Convinced but struggling in the long term
I found MDA about two years ago and have read a few of the books, and all of the getting started stuff. I've read other books and blogs too (e.g. Gary Taubes, Michael Eades) and I'm convinced that this makes sense. But that's not enough to get anywhere. Maybe if I got some more copies of those books and started lifting big piles of them!
I'm male, just over 5'7" and weigh 219 pounds. That amounts to a 45" waist and a 19" neck (my jeans are 38" or 40", thanks clothing manufacturers).
I function OK, with a full time job, despite being tired and grumpy most of the time. I'm in my late twenties and, so far at least, I haven't noticed any major health issues. Nevertheless, when it comes to moving heavy things around (e.g. moving to a new house a while ago), I'm a sweating wreck. Maybe it's because I function OK, make a living, married with a place to live, and no major health complaints, that I've been unable to follow the advice I know to be good. The low-level tiredness, low self esteem, etc. aren't really enough to motivate me into action.

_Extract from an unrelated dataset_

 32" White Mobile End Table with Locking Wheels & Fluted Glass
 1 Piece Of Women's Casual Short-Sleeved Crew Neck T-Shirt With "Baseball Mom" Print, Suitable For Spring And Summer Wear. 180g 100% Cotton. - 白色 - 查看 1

When I first came across MDA, I instantly cut out sugar, bread and all the usual baddies, and in about three or four weeks, lost three quarters of a stone and felt really good. I'd wake up in the middle of the night, then have a second sleep (a good sign I think?). In the morning, I was wide awake, no grogginess. Then I'd get sleepy again early around 10pm and go to bed, waking before the alarm. My mood improved. My waist shrunk quite a bit in that short time. All in all, it demonstrated very quickly that even just with the dietary side of things, this works. For those few weeks, I looked forward to bacon and eggs for breakfast, or pork chops or steak with huge piles of rocket and other greens for dinner with a few pieces of cheese through it. Once I'd eaten, I'd eaten, and it didn't occur to me to have anything else until my next meal.
But that was it. I don't know exactly what happened. I mean, of course I know. I must have started eating sugar again. But I can't really pin down the day. Maybe someone offered me something, and I thought it'd be rude to refuse in someone else's house. Maybe after that, I wanted more sugar, "just a little won't hurt - 95/5 ratio of good/bad would be OK wouldn't it?", then back to several bars of chocolate in an hour some days later.
Every so often I come back to this site however. I've known what it feels like to escape this low-level hell, for however short a time, and I want to do it for the long term. I know this is all much more about the future than it is about now. I'm not exactly sure how to avoid a repeat of the last time though.